I do not do well in heat. After prolonged exposure to temperatures north of, say, 78 degrees, I melt into a barely contained puddle. It is one of the characteristics I have most in common with an ice cube.
This tendency worked especially against me when I lived in large cities. Commuting to work in a subway on a hot summer day guaranteed two things: I would look like I swam to the office, and I would act like I had been adopted by a pack of rabid dogs along the way. My business casual attire would be soaked through, my makeup would be coursing down my cheeks in rivers of bronze, and I would be foaming at the mouth.
I do not know how to control myself in the heat, because I do not know how to control the heat. When one is cold, one adds a layer of clothing, or tenses every muscle of one’s body, or shuffles suspiciously from side to side. Even if there is no programmable source of heat within reach, there are measures the human body and human brain are designed to take, on their own, to counteract the cold.
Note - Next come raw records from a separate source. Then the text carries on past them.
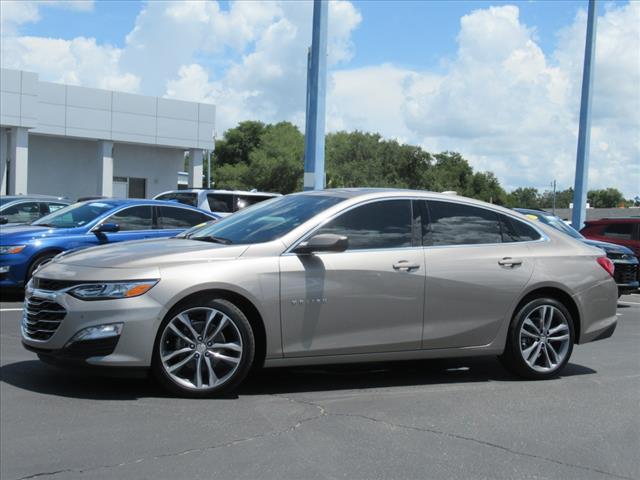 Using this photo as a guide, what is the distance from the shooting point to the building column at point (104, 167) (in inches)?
1427

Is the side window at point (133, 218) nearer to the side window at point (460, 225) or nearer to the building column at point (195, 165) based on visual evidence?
the side window at point (460, 225)

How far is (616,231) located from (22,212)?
13102 millimetres

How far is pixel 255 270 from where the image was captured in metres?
5.76

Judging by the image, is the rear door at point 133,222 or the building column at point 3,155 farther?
the building column at point 3,155

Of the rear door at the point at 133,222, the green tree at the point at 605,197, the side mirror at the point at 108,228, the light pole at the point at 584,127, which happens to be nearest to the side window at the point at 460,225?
the side mirror at the point at 108,228

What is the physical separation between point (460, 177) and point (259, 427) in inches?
3918

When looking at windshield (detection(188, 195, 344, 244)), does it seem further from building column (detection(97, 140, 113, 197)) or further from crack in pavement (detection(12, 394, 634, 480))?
building column (detection(97, 140, 113, 197))

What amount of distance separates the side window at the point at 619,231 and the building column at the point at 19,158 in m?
24.0

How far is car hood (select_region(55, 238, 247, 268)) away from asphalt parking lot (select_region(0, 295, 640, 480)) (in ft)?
3.20

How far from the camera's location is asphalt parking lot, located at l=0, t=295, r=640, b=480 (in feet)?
14.7

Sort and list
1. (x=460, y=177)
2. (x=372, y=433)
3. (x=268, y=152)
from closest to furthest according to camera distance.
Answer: (x=372, y=433)
(x=268, y=152)
(x=460, y=177)

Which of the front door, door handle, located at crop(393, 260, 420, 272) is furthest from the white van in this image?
door handle, located at crop(393, 260, 420, 272)

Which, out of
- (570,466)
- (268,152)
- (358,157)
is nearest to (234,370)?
(570,466)

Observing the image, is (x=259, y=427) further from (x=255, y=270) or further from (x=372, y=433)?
(x=255, y=270) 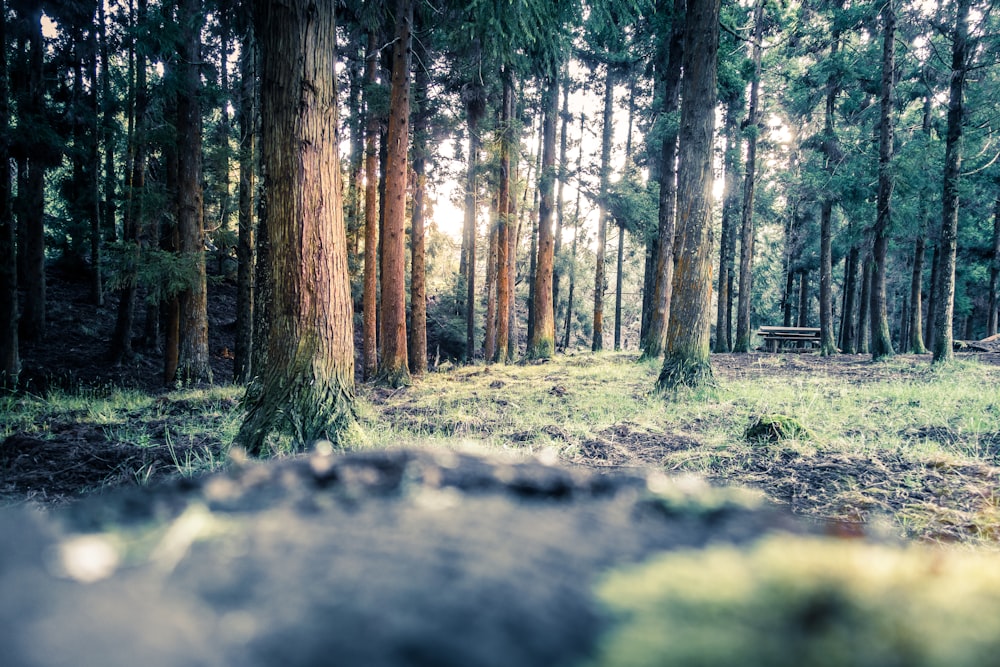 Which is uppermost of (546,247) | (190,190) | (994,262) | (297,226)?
(994,262)

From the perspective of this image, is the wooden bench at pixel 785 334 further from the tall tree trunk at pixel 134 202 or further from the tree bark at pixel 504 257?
the tall tree trunk at pixel 134 202

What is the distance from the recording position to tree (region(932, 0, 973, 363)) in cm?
1048

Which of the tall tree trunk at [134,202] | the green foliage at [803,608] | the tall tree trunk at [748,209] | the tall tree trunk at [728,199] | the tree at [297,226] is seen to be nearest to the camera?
the green foliage at [803,608]

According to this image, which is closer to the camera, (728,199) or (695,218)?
(695,218)

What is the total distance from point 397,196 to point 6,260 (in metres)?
7.16

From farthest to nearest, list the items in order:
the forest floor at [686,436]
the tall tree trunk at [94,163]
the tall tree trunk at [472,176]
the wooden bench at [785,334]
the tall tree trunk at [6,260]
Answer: the wooden bench at [785,334] → the tall tree trunk at [472,176] → the tall tree trunk at [94,163] → the tall tree trunk at [6,260] → the forest floor at [686,436]

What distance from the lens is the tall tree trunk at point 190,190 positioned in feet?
33.4

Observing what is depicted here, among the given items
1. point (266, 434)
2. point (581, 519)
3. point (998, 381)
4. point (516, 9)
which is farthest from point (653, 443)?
point (998, 381)

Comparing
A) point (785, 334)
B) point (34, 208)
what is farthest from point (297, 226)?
point (785, 334)

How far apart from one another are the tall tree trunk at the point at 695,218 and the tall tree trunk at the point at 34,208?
12296 mm

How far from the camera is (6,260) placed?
29.0 ft

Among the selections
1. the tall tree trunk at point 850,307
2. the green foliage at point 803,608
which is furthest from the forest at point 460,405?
the tall tree trunk at point 850,307

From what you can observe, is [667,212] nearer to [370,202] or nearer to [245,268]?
[370,202]

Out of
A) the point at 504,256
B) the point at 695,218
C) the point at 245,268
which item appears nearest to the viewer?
the point at 695,218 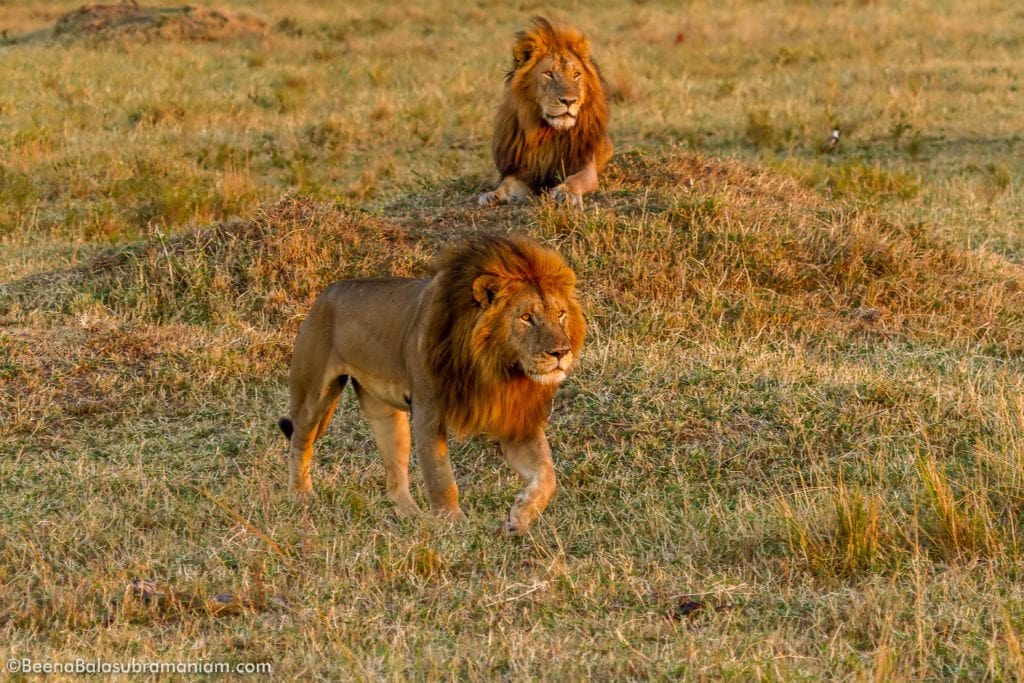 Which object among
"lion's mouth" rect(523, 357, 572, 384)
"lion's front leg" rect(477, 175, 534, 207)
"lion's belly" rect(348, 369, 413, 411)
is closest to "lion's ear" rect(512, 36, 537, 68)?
"lion's front leg" rect(477, 175, 534, 207)

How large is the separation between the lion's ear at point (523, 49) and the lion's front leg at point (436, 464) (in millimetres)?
3941

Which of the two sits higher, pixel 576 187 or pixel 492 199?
pixel 576 187

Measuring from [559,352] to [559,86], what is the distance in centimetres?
399

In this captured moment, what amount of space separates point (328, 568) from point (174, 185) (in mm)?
7684

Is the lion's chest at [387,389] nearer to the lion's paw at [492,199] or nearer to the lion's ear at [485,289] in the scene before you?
the lion's ear at [485,289]

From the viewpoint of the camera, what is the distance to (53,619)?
4566 mm

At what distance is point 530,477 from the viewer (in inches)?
209

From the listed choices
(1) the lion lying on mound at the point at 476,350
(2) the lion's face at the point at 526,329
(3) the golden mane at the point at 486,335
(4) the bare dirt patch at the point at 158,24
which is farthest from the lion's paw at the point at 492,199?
(4) the bare dirt patch at the point at 158,24

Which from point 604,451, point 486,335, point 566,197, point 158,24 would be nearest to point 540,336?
point 486,335

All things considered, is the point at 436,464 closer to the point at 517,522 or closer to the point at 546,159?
the point at 517,522

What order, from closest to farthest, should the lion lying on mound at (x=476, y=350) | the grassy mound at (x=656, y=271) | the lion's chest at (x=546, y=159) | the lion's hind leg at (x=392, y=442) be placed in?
the lion lying on mound at (x=476, y=350) → the lion's hind leg at (x=392, y=442) → the grassy mound at (x=656, y=271) → the lion's chest at (x=546, y=159)

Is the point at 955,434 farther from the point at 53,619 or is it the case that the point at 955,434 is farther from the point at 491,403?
the point at 53,619

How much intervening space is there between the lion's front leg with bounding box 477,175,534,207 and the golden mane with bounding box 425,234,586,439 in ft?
12.9

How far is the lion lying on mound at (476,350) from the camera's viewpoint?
16.5 ft
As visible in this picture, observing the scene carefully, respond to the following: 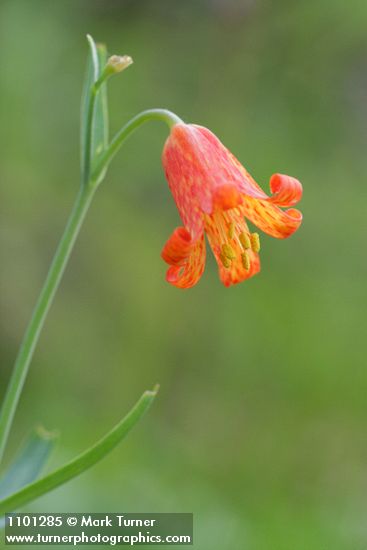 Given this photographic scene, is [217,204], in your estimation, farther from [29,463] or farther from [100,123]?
[29,463]

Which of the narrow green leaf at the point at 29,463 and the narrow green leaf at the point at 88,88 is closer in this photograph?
the narrow green leaf at the point at 88,88

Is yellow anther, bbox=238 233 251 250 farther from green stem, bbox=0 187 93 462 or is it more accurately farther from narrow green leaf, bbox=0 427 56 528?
narrow green leaf, bbox=0 427 56 528

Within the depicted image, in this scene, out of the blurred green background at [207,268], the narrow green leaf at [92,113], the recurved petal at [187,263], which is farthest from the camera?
the blurred green background at [207,268]

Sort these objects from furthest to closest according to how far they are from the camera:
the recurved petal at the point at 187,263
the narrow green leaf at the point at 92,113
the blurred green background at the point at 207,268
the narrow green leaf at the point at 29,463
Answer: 1. the blurred green background at the point at 207,268
2. the narrow green leaf at the point at 29,463
3. the narrow green leaf at the point at 92,113
4. the recurved petal at the point at 187,263

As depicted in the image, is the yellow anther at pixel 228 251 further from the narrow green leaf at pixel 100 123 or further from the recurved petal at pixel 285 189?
the narrow green leaf at pixel 100 123

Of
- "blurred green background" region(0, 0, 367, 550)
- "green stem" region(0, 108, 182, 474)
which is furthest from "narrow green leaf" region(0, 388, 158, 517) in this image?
"blurred green background" region(0, 0, 367, 550)

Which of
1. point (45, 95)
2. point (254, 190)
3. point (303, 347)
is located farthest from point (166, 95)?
point (254, 190)

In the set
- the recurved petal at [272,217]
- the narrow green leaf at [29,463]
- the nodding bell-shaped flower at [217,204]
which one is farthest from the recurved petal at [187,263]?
the narrow green leaf at [29,463] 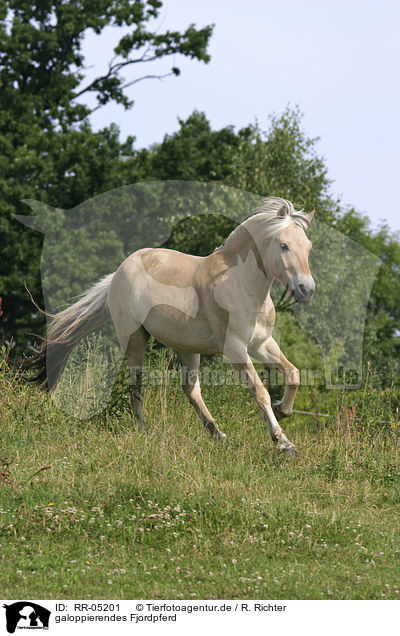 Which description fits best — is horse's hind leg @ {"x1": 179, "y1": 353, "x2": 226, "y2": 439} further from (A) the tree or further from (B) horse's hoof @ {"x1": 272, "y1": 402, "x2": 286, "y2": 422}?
(A) the tree

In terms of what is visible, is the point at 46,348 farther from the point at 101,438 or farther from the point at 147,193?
the point at 147,193

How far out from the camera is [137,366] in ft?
24.7

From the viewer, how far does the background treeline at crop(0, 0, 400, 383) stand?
19828mm

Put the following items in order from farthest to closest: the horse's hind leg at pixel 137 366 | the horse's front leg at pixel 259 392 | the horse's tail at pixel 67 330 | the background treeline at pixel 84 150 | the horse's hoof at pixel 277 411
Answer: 1. the background treeline at pixel 84 150
2. the horse's tail at pixel 67 330
3. the horse's hind leg at pixel 137 366
4. the horse's hoof at pixel 277 411
5. the horse's front leg at pixel 259 392

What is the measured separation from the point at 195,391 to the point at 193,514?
2118mm

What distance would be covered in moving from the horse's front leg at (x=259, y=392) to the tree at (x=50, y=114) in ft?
47.1

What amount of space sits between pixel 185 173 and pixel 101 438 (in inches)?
667

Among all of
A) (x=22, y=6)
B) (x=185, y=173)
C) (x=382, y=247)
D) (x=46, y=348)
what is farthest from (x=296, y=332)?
(x=382, y=247)

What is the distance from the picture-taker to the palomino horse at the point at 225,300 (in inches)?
243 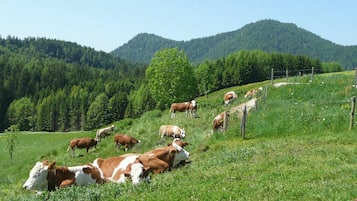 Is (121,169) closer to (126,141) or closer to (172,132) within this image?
(172,132)

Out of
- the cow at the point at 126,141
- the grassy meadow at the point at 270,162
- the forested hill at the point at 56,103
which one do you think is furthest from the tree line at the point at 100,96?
the grassy meadow at the point at 270,162

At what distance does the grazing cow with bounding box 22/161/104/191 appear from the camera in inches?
565

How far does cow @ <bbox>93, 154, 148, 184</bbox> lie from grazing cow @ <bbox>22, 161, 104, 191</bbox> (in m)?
0.43

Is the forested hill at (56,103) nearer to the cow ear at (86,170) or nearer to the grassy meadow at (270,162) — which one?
the grassy meadow at (270,162)


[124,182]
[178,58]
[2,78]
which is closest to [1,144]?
[178,58]

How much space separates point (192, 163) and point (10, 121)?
131808mm

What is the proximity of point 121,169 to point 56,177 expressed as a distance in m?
2.28

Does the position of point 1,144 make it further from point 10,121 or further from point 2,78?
point 2,78

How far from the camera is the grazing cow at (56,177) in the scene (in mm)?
14345

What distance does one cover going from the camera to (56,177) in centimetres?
1476

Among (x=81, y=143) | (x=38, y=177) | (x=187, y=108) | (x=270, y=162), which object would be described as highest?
(x=187, y=108)

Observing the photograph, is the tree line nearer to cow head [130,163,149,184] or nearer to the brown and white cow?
the brown and white cow

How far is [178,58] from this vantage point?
82438mm

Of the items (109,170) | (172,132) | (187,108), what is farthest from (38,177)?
(187,108) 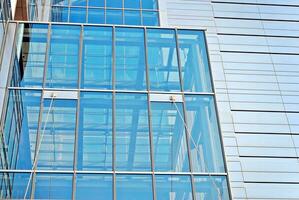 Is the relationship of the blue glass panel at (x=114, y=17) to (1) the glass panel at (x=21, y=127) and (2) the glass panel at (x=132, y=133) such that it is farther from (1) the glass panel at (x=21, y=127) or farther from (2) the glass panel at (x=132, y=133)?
(1) the glass panel at (x=21, y=127)

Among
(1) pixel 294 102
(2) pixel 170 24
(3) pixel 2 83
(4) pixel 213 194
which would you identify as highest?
(2) pixel 170 24

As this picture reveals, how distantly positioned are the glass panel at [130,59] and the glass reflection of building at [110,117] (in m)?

Not so with heat. A person cannot strip down to the zero layers of clothes that would be comfortable in heat, because that would lead to shame and/or arrest. A person cannot lie down and play rag doll, because that would lead to being stepped on and/or a reputation for laziness. A person cannot run to create something resembling a cooling breeze, because that would lead to, well, running.
Living in Maine means that the opportunities for finding programmable sources of cooling are limited. The only places with air conditioning are places with (1) aisles and fluorescent lighting; and (2) the mall. So unless you are out of (1) excuses for ignoring your coupons; or (2) reasons to avoid an establishment with a “food court,” the life-sustaining purr of forced cold air is one you can only imagine.
“Turn on a fan,” say the Canadians. “Turn on an electric mixer,” I offer as a response. By my last count, we have nine fans in my house, and we have zero comfortable people. Fans sound busy, but that’s because they’re mechanically laughing at us idiots, who plant ourselves in front of a wire cage, exhaling in pretend relief, as a metal lollipop puffs ever-hotter air at our moist faces.
A pool is a source of relief only to the extent you are willing to live in a pool. A cold shower is like a short intermission between the many acts of Mother Nature’s Inferno. A trip to the beach is postponing the inevitable; all the effort you must later devote to ridding yourself, your loved ones, and your beach accessories of sand prompts the same degree of sweating I suspect comes from a midday jog through the Sahara.
Back before we were married, I lived with my husband for one summer in Puerto Rico. I interned for a judge. My husband-to-be suggested I wear pant suits to work, as Puerto Rican legend has it that pants actually keep you cooler than skirts. That advice almost cost him the reward of becoming my husband.
In short, after decades of research, I have found no reliable solution to the problem of Being Hot. That means that I no longer waste any time or energy in trying to cool off. Instead, I concentrate all of my resources on fully succumbing to the heat.
I encourage my hair to go beyond frizzy and to achieve such states of tangledness that passers-by stop and think, “Her hair is so tangled, it has compelled me to believe ‘tangledness’ is actually a word.” I eschew communication by speech, and focus on the nuances of my whining and the specificity of my finger-pointing. I abandon sleep in favor of perfecting my impression of a body resisting exorcism. I give up trying to think, and to move.
Which is why, out of respect for my deadline on this column, I had to order up a thunderstorm.